Mother’s Day in the Time of COVID-19: 5 Life Lessons




The world has come to a standstill in the past few months. During this period, how we do things changed drastically. The world has changed so quickly in just a few weeks. And this Mother’s Day, we may celebrate it differently.

Now, we can’t take out our moms to restaurants. We can’t buy them flowers or easily deliver gifts. We can’t visit those whose mothers are out of town. The usual Mother’s Day traditions may have to be set aside as lock-downs and quarantine measures are in place. In fact, some mothers may not even get to hug their children close.

What can we learn from this? 

Embrace the changes.

Things are different now and how we celebrate Mother’s Day is different too. In fact, how we mother may be impacted by the pandemic as well. So, instead of dwelling on things we can’t control, let’s embrace the changes and learn to adjust to the changes. In fact, without the distractions of our old, busy, on-the-move lifestyle, you may rediscover joys in doing things differently this time. 

At this time, what is paramount is to stay safe and help in the efforts to contain the virus.

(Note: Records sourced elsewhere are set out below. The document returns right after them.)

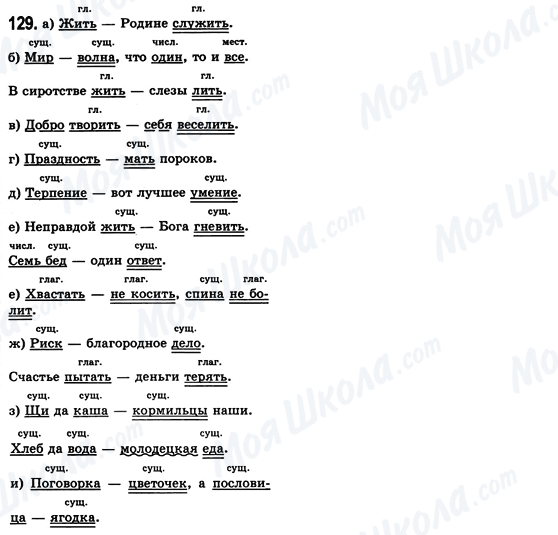 ГДЗ Русский язык 8 класс страница 129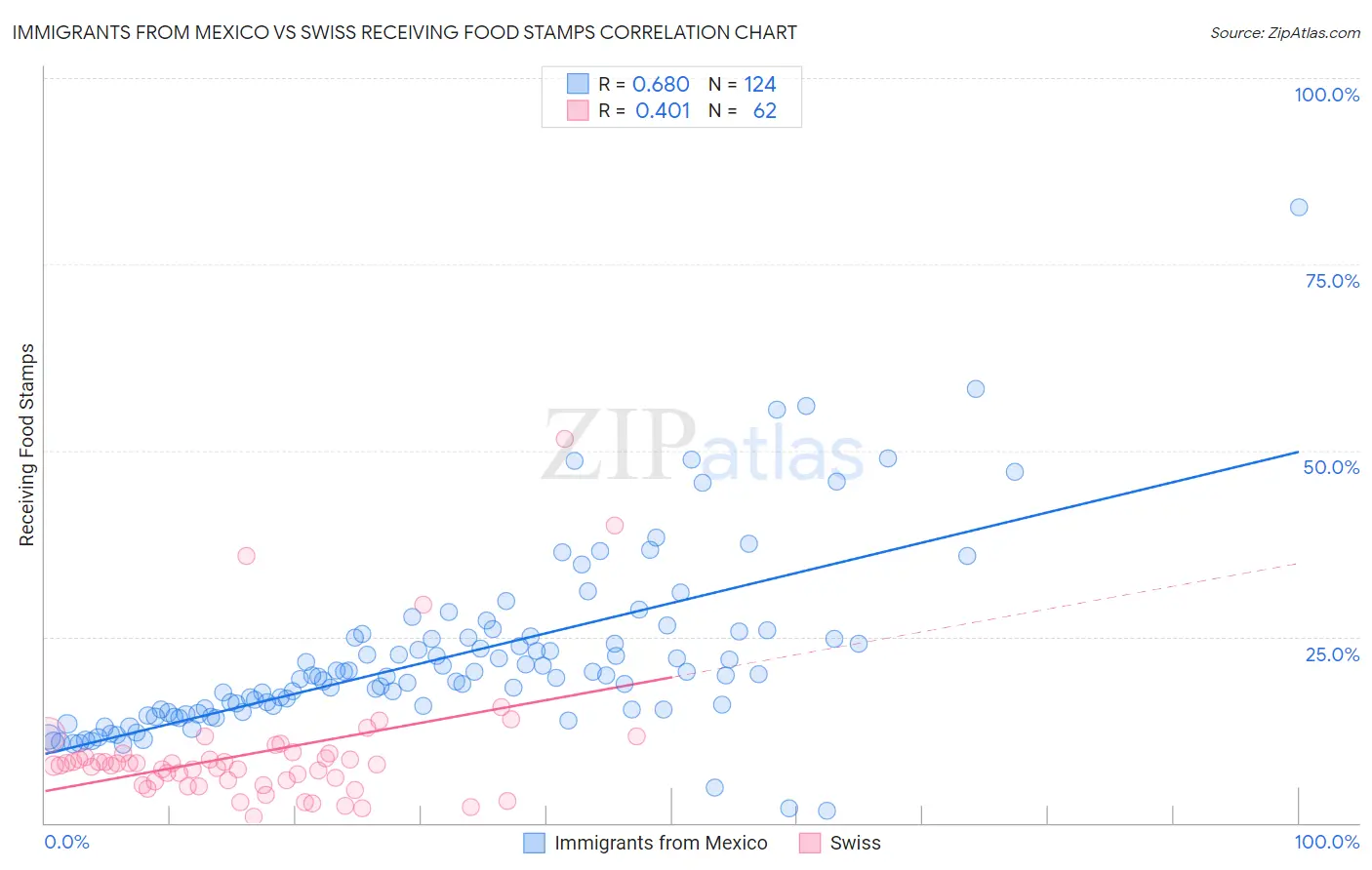 Immigrants from Mexico vs Swiss Receiving Food Stamps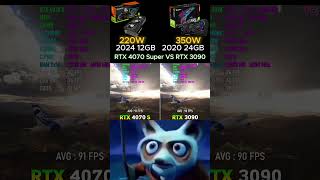 Rtx 4070 Super VS Rtx 3090 shorts pcgaming pc graphicscard gpu gaming comparison [upl. by Nugent]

Go ahead and start that conversation.

So you may have found yourself at home with other family members. You may be in a somewhat forced togetherness with the quarantine measures. This could present an unprecedented opportunity to talk to each other. Remember what’s important and build conversations around these. 

With nowhere else to go, this is the perfect time to actually sit down with your family and discuss what you may have ignored before. Or simply catch up on each other. 

Now is also the best time to talk about your health. Or just discover each other’s hobbies and habits. Clear out your home to give more space for new memories. Explore new career paths and new relationships. Or just curl up with a good book and sleep longer.

This is the best time to make your bonds stronger.

We have different realities.

The coronavirus crisis is challenging. What we don’t normally talk about, however, is how more challenging it can be depending on where you are financially, economically, physically, and mentally. We are experiencing this crisis in different ways, in varying degrees of comfort and difficulty.

This Mother’s Day, one mom may be happier and the other more lonely. One may be busier, while another may not be able to do anything at all. Our situations now give us less options to celebrate this day. In fact, some may just be happy to be able to get by.

Mental health is important.

The crisis can be isolating, depressing, worrying. Some may find themselves online for most of the time and developing low self-esteem, narcissistic tendencies, and a range of other mental health issues.

This is the best time to learn to disconnect with the outer world and enrich your inner world. It would be overwhelming to keep track on how the events are developing at the moment. It helps to unplug every once in a while. But if you’re okay to just be getting by, there is no harm in that. What can hurt us most is when we compare our situation with others. This can never be good for mental health. 

And, should a mother experience mental health issues or behavioral disorders, or substance use problems, help is still available online. Technology continues to bring people together, and let’s use it for the best during this uncertain time.

You are still a mother.

Jobs may have been put on hold. However, if there’s one essential role in society, it’s that of being a mother. We can’t disregard the roles mothers play in the lives of every individual. While things are challenging and uncertain, mothers still deserve a great day of their own. Let’s make this special for them, even with social distancing and the coronavirus.